Let’s take a peak at what the ezine offers us (although, really, since it’s free you have to wonder why you’re still reading this and not downloading the thing and checking it out for yourself).
We’ve 49 pages of colour. This is a pain if you want to print the whole thing off but it’s not deadly. Not unless your blue ink cartridge explodes. We don’t have any bookmarks in the PDF document or internal hyperlinks – I’d expect that from a professional paid-for PDF but it’s hard to whine too much for a freebie. We do have external, easy to spot, hyperlinks that tempt you with websites from across the RPG spectrum.
Interestingly enough the lead interview for the ezine is one with the famous illustrator Todd Lockwood. That’s an interview worth trumpeting, that’s a big name celebrity and a good interview. It’s interesting because elsewhere in the Trumpeter you’ll find another interview for this chap called Gygax or something. Who the hell is Gary Gygax you ask? I don’t know either but perhaps Silven Crossroads will introduce him to Dungeons & Dragons and get him to tell them what they think of the game.
There’s a flare of history in the Trumpeter. Shane Cubis presents a thorough but precise account of Ned Kelly, the outback outlaw, and tosses in some RPG suggestions into the mix. Sean Holland (of AEG fame) contributes a broader article on the use and inspiration of history and myths for RPGs.
If all this history was beginning to suggest to you that the Silven Trumpeter has something of an academic flavour to it then you may not be surprised to find articles like “Polyglot” or PC (Player Characterization) : The Organic Method. Polyglot is all about the art of gathering information. It’s about in game carousing. Our Organic Method to Player Characterization is all about roleplaying. You know, roleplaying with the LE and not LL.
If you, you at the back, just automatically translated “LE” into Lawful Evil then you’ll be pleased to find that the ezine has d20 stats for a Bridge Wight undead.
The Silven Trumpeter isn’t exclusively d20 though. I think. The regular look at Computer Roleplaying Games (CRPGS) just happens to dwell on the Temple of Elemental Evil and that just happens to be d20. Electronic, intangible and seeded by the microtime on your computer d20s but d20 rolls nonetheless. What’s certain is that the article by Eytan Bernstein as a Gamer’s Guide to Religion could certainly be applied to any RPG and it’s well worth the read.

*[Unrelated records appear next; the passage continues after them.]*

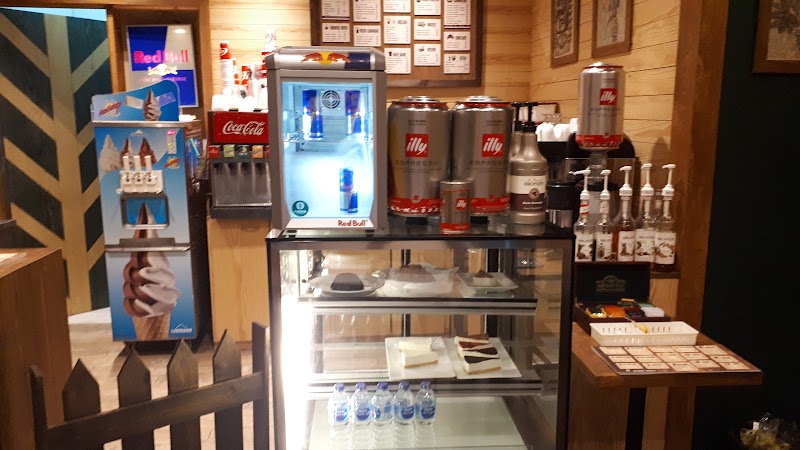 Foresta Café & Eatery - Photo 2
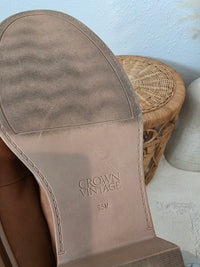 Crown Vintage Brown Leather Loafers (9.5)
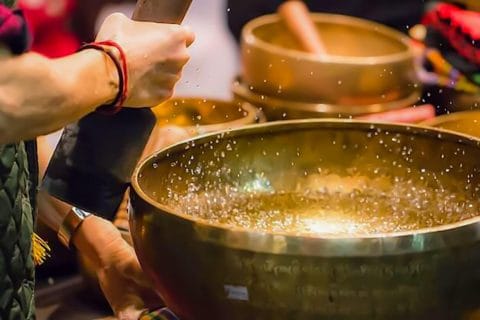 Chuông Xoay Trị Liệu: Sóng Rung, Tần Số và Healing Sâu Sắc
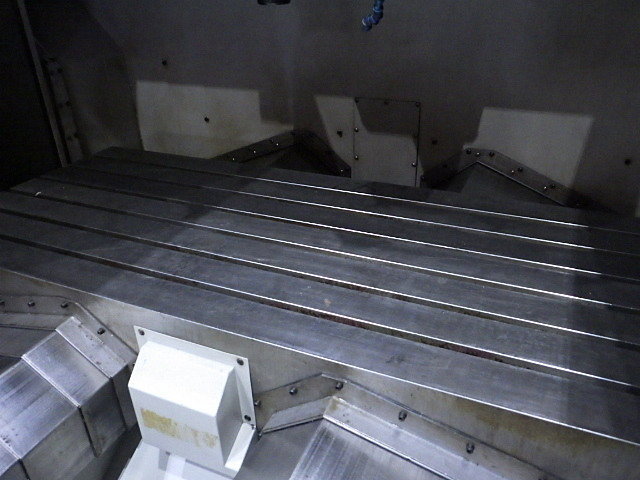 MAKINO V77L Vertical Machining Center Image 14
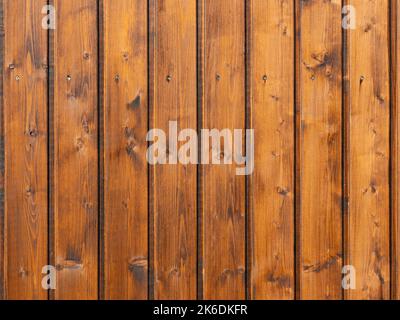 Holzplanken Textur einer Außenwand. Natürliches Material als Hintergrund. Vertikale Holzlatten auf einem Gebäude. Abstraktes, leeres Hintergrundmuster. Stockfoto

Oh. Okay. Maybe the Trumpeter struggles as much as the rest of the industry to shake off the d20 dominance – the review section rather cutely uses the d20 ability stats to grade products. They give the 3.5 edition of Dungeons and Dragons a CHA (Look & Feel) of 17, the Campaign Planner a DEX (Organisation) of 12, and the Arcana Unearthed a STR (Physical) of 10 because its made of thick but flimsy stock. Not thick enough, it seems.
In amongst all this it’s easy to miss the quality layout and the excellent artwork. The Silven Trumpeter is a good example why companies will struggle to earn any money on “Please Pay Us” ezines.
It’s not even finished yet. There’s more than art dotted around the ezine – there are sections of top quality fiction. This isn’t fiction filler (although I skipped it and came back to read it later) as the whole ezine manages to have this enthusiastic, fan driven, glow.
A lot of credit must go to the editor Dana Driscoll. A quick Google search turns up a slew of writing credits and beckoning PhDs. Dana chips in throughout the ezine and more than a few articles, the Cartography Corner for example, benefit from her touch.
The Silven Trumpeter really is more than you have any right to expect a free fan supplement to be. In some respects the ezine is simply going through the usual motions and walking well trodden paths – but forget that, concentrate instead on the wash of quality, professional shine and the big zero price tag.